Mosul Operation Displaces Almost 138,000 People - IOM
Some 138,000 people have been displaced by the Iraqi military operation against the Daesh terrorist group in the city of Mosul, the International Organization for Migration (IOM) said Monday.
GENEVA (Sputnik) – A total of 137,880 people, or 22,980 families, have left their homes since the start of the operation on October 17, the IOM said.
The figure includes almost 135,000 who have been displaced in the Nineveh province, of which Mosul is the capital, while a total of 43,728 having fled the city itself.

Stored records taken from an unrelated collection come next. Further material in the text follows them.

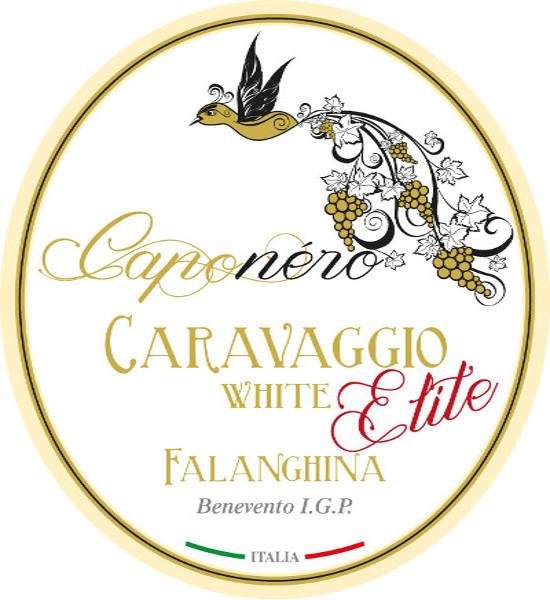 Caravaggio Elite White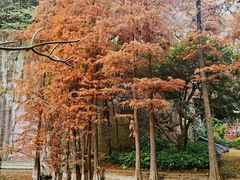-广州莲花山旅游区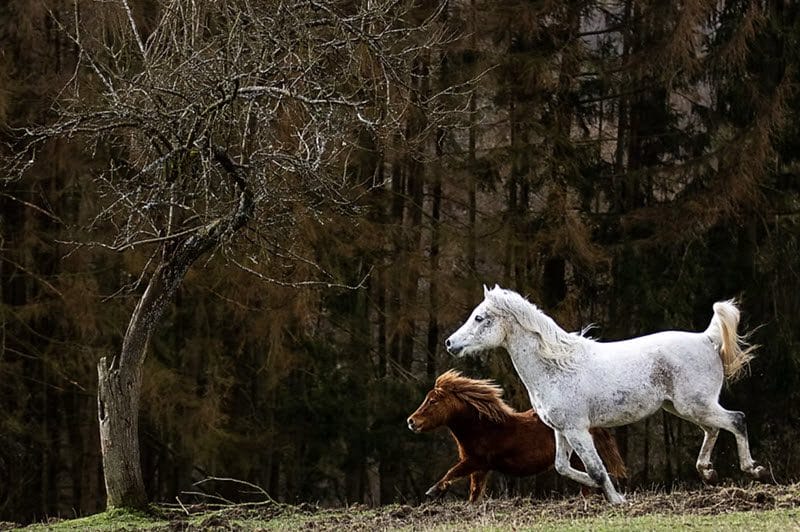 Stallwechsel ohne Stress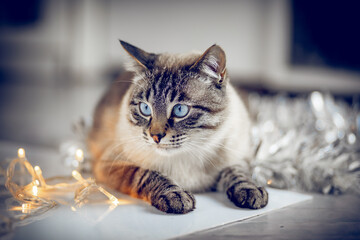 Thai cat with garlands and silver tinsel.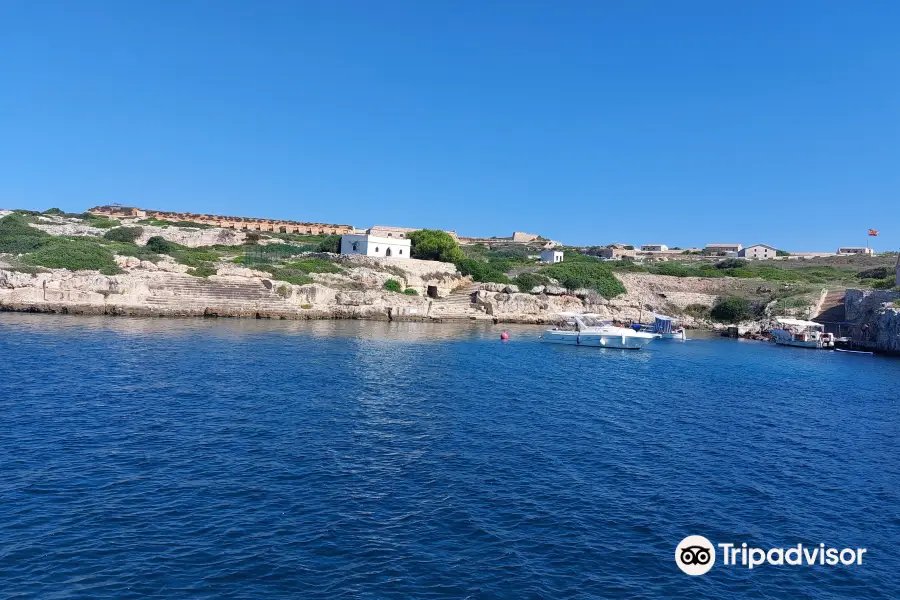 Yellow Catamarans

In a previous report on Friday, which was released shortly after the Iraqi offensive resumed following a two-week pause, IOM figures stood at just over 133,000 displaced.
Some 70,000 people remain trapped in Daesh-held western district of Mosul, while three quarters of those displaced being sheltered in emergency sites operated by the government, the United Nations, the IOM and other humanitarian organizations, according to IOM.
The operation to liberate Mosul, in the northern Iraqi province of Nineveh, from Daesh, outlawed in many countries, including Russia, began on October 17, 2016. Iraqi troops have made advances in the eastern part of the city, but the right bank of the Tigris River remains under militant control. On Sunday, the Iraqi army reportedly reached the eastern bank of the river overlooking Daesh positions on the opposite side of the river.
The operation began with 4,000 Peshmerga fighters and 30,000 Iraqi soldiers backed by the US-led coalition.